Table 9. Motor heat generation rate under main operating condition.

Component	Base Speed	High Speed	Overload
Stator yoke	268,248 W/m3	110,862 W/m3	451,831 W/m3
Stator tooth	491,935 W/m3	278,326 W/m3	430,712 W/m3
Winding	543,908 W/m3	799,036 W/m3	2,275,536 W/m3
Rotor	165,534 W/m3	450,413 W/m3	145,721 W/m3
Permanent magnet	15,772 W/m3	46,481 W/m3	37,487 W/m3

.

Using the established HPDM temperature field solution model, the temperature field is solved for the base speed condition, high-speed condition, and an overload condition by assigning relevant boundary conditions, material properties, and heat generation rate of heat-generating components. Among them, the base speed condition is a long-term working point, and its steady-state temperature is observed. The high-speed condition and the overload condition are short-time working conditions, and the temperature distribution of each part of the motor is observed under the operation for 180 s. The initial temperature of the water flow is given as 65 °C, the temperature section diagrams under three working conditions are shown in Figure 26, and the temperature change curves of each component under transient conditions are shown in Figure 27.

From the temperature field solution results, it can be found that under the three main operating conditions of the base speed, high speed, and overload, the windings are the most serious parts of heat generation, and the highest temperature occurs at the end of the winding at the overload point, which is 135 °C. The temperature rises to 70 °C, and the maximum temperature rise do not exceed 155 °C and 105 °C for Class F insulation.
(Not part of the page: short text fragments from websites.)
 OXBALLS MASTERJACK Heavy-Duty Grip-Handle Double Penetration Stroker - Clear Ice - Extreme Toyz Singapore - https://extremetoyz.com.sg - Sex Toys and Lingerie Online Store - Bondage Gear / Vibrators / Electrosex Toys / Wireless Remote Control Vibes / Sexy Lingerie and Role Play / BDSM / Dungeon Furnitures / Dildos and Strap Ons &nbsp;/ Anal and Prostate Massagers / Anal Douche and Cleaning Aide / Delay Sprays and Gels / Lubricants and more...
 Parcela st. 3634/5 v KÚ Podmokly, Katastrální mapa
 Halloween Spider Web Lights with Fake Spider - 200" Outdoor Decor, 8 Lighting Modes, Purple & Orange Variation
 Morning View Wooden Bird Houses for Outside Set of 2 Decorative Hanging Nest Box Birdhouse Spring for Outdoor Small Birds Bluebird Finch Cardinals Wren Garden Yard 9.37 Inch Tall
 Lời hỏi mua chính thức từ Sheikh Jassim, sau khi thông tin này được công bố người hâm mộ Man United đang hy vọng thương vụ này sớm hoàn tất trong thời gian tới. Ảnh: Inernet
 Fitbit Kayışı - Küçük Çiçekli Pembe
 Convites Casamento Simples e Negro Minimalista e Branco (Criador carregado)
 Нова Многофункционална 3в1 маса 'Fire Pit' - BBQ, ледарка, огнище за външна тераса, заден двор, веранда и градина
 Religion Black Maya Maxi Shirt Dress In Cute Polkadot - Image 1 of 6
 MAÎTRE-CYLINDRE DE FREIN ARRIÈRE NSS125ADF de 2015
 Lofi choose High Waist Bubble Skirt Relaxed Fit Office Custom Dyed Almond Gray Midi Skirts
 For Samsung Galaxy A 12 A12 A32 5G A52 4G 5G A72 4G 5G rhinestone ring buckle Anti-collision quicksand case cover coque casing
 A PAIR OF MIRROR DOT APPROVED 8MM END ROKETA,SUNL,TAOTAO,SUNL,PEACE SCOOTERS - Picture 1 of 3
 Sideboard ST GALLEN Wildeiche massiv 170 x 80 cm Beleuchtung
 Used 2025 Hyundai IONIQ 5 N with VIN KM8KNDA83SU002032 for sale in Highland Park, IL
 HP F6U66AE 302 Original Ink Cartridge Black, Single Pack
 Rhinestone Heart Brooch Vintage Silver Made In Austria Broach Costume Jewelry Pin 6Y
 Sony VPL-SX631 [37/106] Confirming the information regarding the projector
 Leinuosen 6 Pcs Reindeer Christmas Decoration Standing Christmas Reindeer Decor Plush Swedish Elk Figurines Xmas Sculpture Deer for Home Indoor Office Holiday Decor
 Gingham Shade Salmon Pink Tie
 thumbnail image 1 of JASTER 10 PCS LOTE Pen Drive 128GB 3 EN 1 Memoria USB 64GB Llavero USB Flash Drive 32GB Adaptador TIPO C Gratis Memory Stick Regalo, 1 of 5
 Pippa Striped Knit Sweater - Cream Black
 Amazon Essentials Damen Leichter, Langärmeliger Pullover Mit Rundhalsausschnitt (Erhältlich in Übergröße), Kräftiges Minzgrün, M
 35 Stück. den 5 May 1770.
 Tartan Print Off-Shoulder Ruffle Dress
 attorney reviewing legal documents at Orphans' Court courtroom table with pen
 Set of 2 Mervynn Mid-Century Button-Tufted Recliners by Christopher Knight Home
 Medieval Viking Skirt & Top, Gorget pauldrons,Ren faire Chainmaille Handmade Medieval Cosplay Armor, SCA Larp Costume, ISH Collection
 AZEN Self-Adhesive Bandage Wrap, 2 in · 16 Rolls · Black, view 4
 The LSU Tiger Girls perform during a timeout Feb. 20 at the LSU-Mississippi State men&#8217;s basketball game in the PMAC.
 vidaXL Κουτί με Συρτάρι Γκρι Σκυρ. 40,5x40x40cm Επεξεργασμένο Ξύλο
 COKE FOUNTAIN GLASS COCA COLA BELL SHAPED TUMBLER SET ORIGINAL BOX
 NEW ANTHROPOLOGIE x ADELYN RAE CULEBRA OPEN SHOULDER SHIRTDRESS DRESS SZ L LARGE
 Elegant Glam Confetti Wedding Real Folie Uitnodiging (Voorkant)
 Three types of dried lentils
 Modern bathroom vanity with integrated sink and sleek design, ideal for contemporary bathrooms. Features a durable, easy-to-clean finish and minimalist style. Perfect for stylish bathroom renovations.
The PMs in both the steady-state and the transient-state do not exceed the maximum allowable temperature of the material N38UH, which is 150 °C. The rotary transformer selected for Ver2.0 is TAMAGAWA TS2225N903E102; its allowable temperature, according to the manual, is −40 °C to 150 °C. In this article, the motor’s cooling system solutions’ rotary transformer can operate normally. It can be seen that the axial water jacket structure can effectively manage the heat of the designed 60 kW high power density motor.

5. Conclusions

This paper researched the design method of the HPDM for electric vehicles IMDS. Through the method, a five-phase high power density motor with a rated power of 60 kW, a maximum speed of 15,000 r/min, and a peak power density of 15.19 kW/L has been designed. Compared with the Ver1.0 motor designed before, the Ver2.0 motor power density is higher. In addition, the temperature field is checked for the three main operating conditions of base speed, high speed, and overload. The following conclusions are drawn:

(1)

The motor power density is related to the phase number, winding utilization, copper space factor, air gap flux density, and motor rotational speed. When designing a high power density motor, the above factors can be weighed;

(2)

Increasing IPMSM rotor PM layer number can make air gap flux density step up, increase air gap flux density amplitude, and improve the sinusoidal degree at the same time, which is beneficial to improving the motor torque performance. For a five-phase motor, FSDW has less end winding length and torque ripple than an ISDW and has a higher winding coefficient compared with a five-phase motor with FSCW. FSDW is suitable for the five-phase motor with the high power density and electromagnetic characteristics in some cases;

(3)

Driver modulation algorithm affects motor electromagnetic characteristics. Comparing the NTV-SVPWM modulation algorithm with the NFV-SVPWM modulation algorithm, NFV-SVPWM can eliminate harmonics in the third harmonic plane by taking advantage of the five-phase motor’s two vector planes and obtain higher sinusoidal output excitation. Through the comparative analysis of the output current excitations with different switching frequencies, it is found that a high switching frequency is more conducive to improving motor electromagnetic characteristics and reducing motor loss. However, the switching frequency should be selected considering power device switching loss;

(4)

For the three water jackets—the spiral, dial, and axial—the spiral structure has the smallest pressure loss and the worst heat dissipation capacity. The axial structure has the largest pressure loss and the strongest heat dissipation capacity.